Exercise description:
In the entries below, begin at the line that has "Dog Sweater Fleece" and stop after the line that has "Image of inchGLASGO"; output those lines exactly, leaving out pictures.

Dataset excerpts:
▶

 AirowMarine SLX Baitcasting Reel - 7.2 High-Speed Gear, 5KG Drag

◀
▶

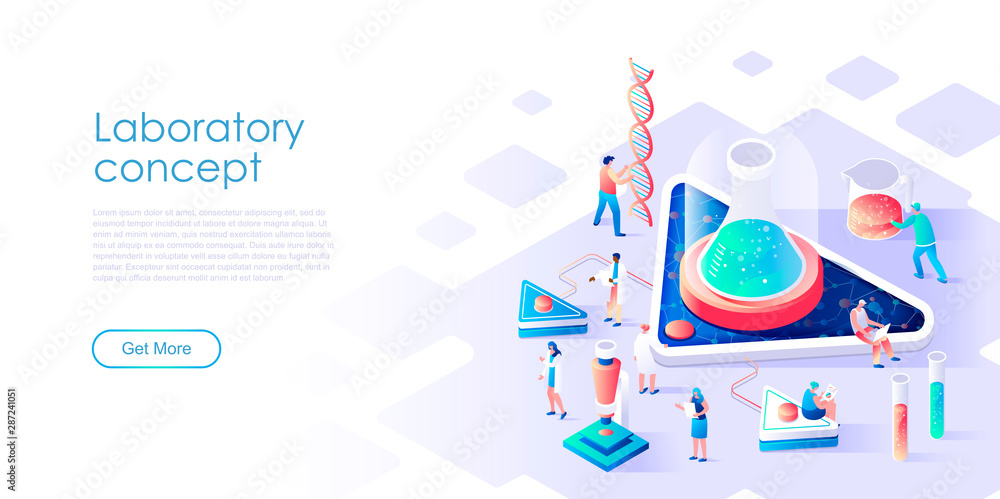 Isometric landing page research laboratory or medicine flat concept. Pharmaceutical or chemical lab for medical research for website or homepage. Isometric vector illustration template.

◀
▶

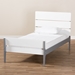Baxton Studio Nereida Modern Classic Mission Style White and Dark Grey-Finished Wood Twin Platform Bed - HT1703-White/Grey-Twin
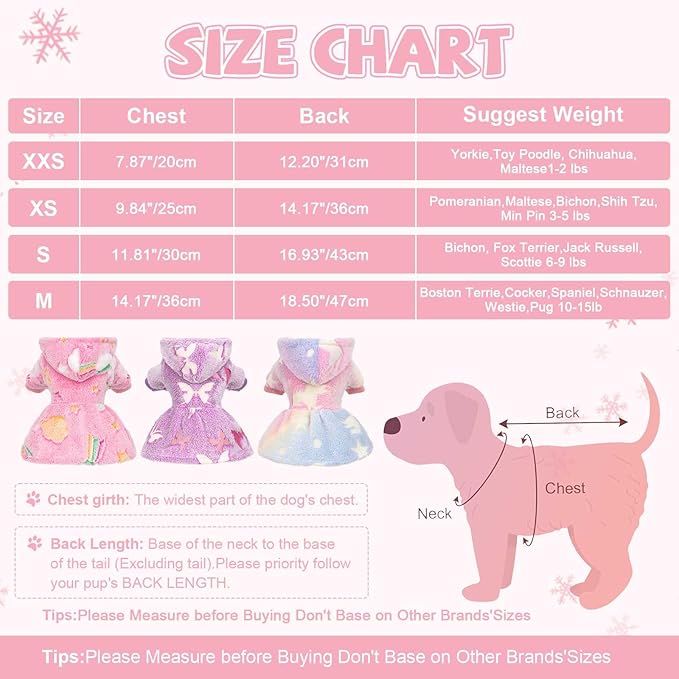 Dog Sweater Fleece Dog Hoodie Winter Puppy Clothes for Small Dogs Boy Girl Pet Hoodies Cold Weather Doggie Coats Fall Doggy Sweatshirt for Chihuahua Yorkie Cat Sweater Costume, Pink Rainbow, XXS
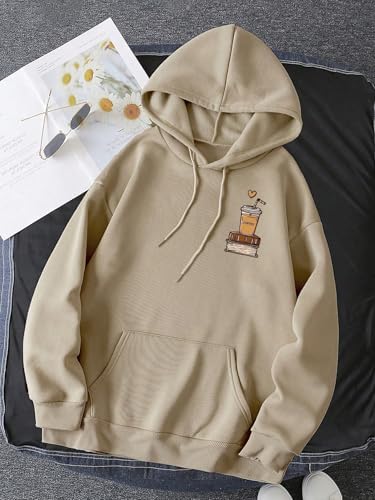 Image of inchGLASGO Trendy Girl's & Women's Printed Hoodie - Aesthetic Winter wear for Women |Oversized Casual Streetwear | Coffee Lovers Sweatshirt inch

◀

Solution for this task:
 Dog Sweater Fleece Dog Hoodie Winter Puppy Clothes for Small Dogs Boy Girl Pet Hoodies Cold Weather Doggie Coats Fall Doggy Sweatshirt for Chihuahua Yorkie Cat Sweater Costume, Pink Rainbow, XXS
 Image of inchGLASGO Trendy Girl's & Women's Printed Hoodie - Aesthetic Winter wear for Women |Oversized Casual Streetwear | Coffee Lovers Sweatshirt inch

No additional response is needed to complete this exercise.